▶ **The problem**: All of the data that follows is to be printed exactly, without pictures.

▶ **Given entries**:
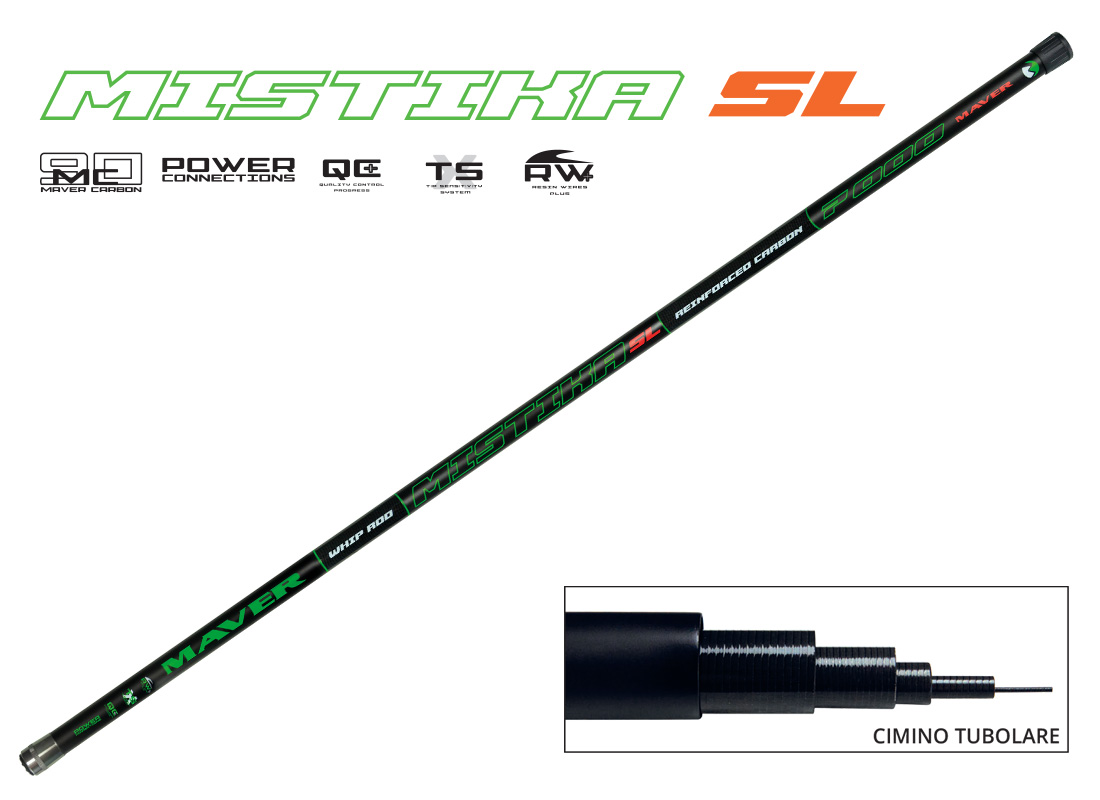mistaka-sl-24593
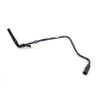 Mopar 68146747AA Engine Oil Return Tube TUBE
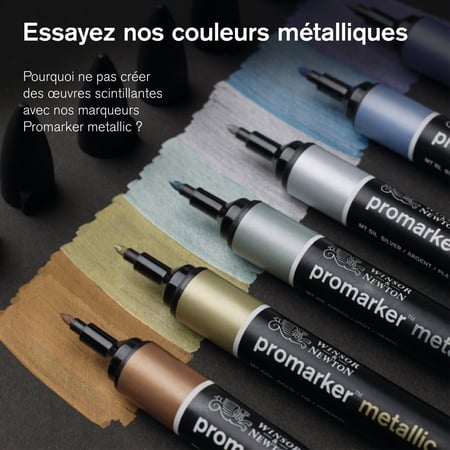 media/pim/0884955071045_7.jpg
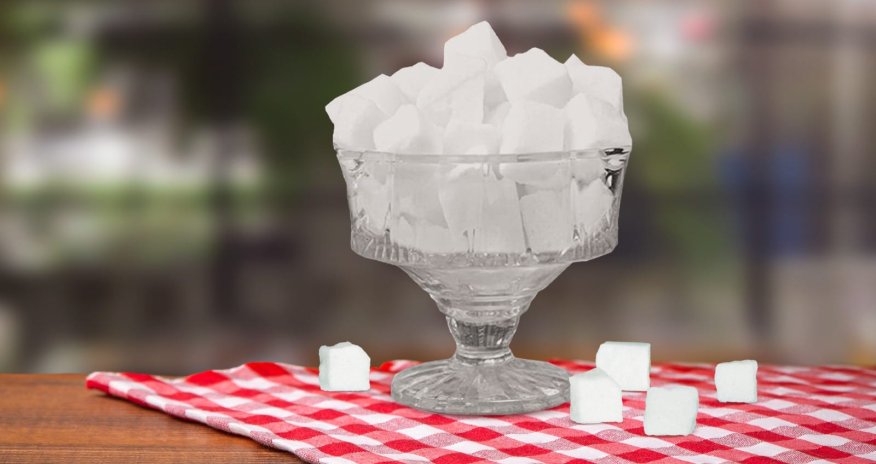 Keyfiyyətli qəndi necə tanıyaq? -  Sağlam Qida mütəxəssisi tərəfindən rayonlarda maarrifləndirmə kampaniyası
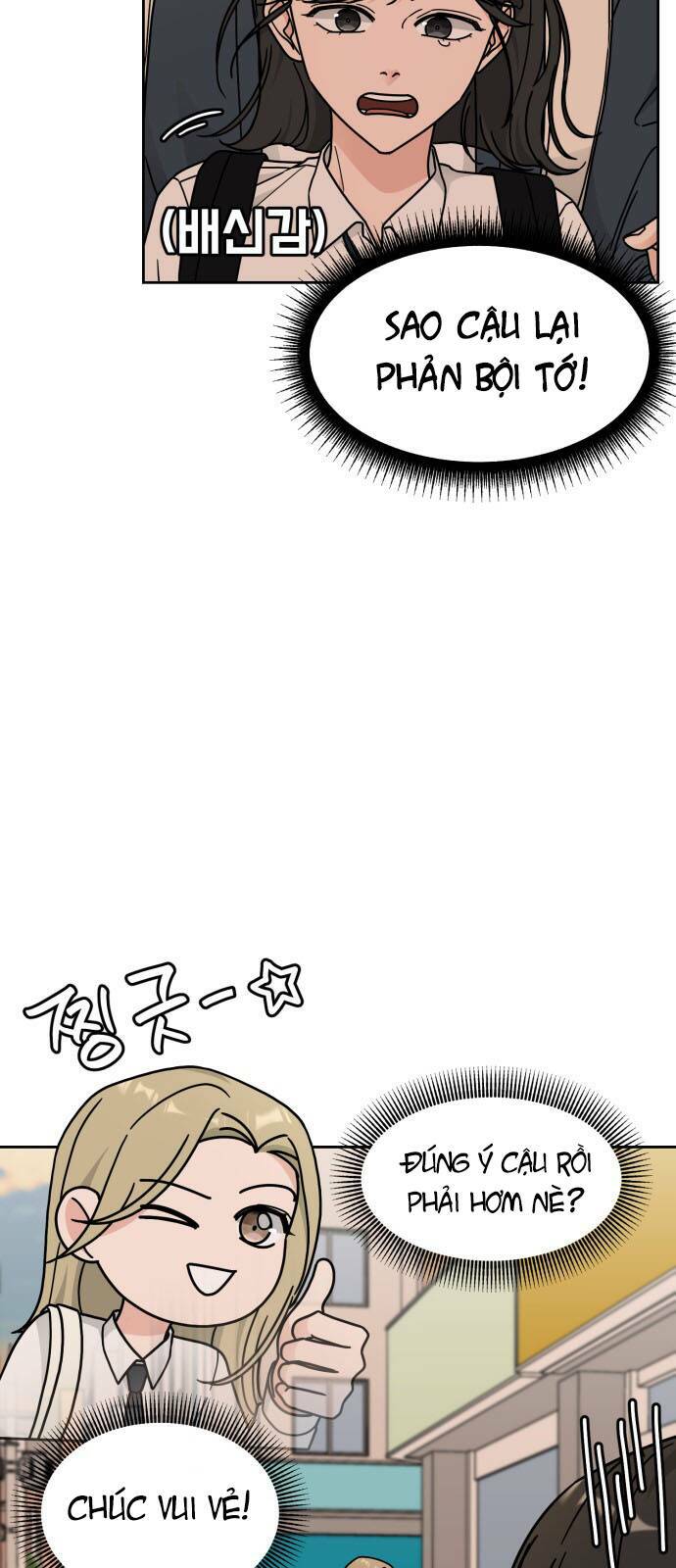 Chương 21 - Trang 16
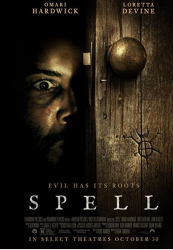 : Spell 2020 German 800p microHD x264 - RAIST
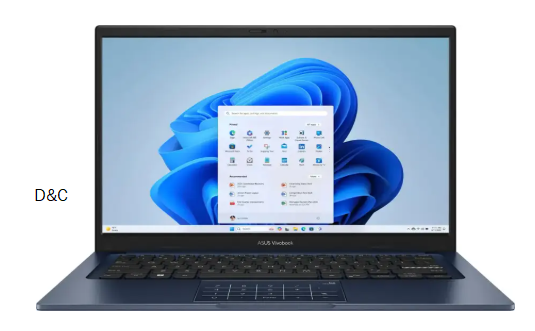 Mainstays 5-Piece Dexter Dining Room/Kitchen Set with Storage Ottoman, Multiple Colors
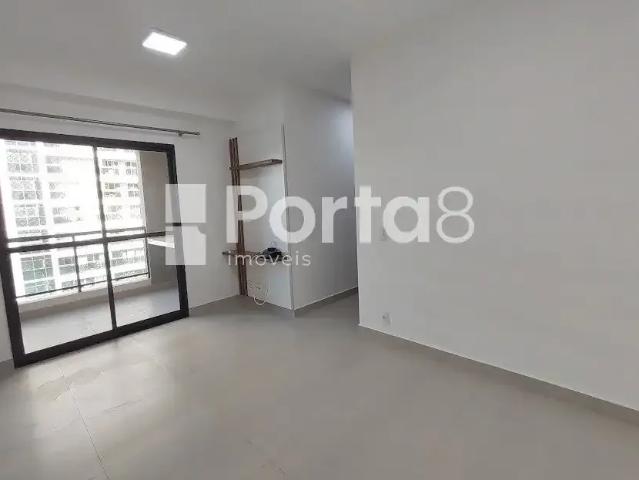 Apartamento aluguel em Região Imediata de São José do Rio Preto, Região Metropolitana de São José do Rio Preto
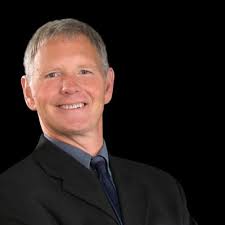 Cliff Butler (@C21CliffButler)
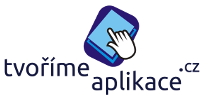 Tvoříme aplikace
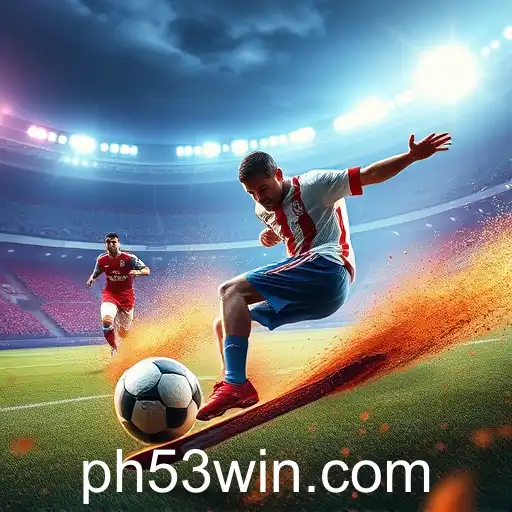 The Exciting Evolution of Online Gaming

▶ **Problem solution**:
mistaka-sl-24593
 Mopar 68146747AA Engine Oil Return Tube TUBE
 media/pim/0884955071045_7.jpg
 Keyfiyyətli qəndi necə tanıyaq? -  Sağlam Qida mütəxəssisi tərəfindən rayonlarda maarrifləndirmə kampaniyası
 Chương 21 - Trang 16
 : Spell 2020 German 800p microHD x264 - RAIST
 Mainstays 5-Piece Dexter Dining Room/Kitchen Set with Storage Ottoman, Multiple Colors
 Apartamento aluguel em Região Imediata de São José do Rio Preto, Região Metropolitana de São José do Rio Preto
 Cliff Butler (@C21CliffButler)
 Tvoříme aplikace
 The Exciting Evolution of Online Gaming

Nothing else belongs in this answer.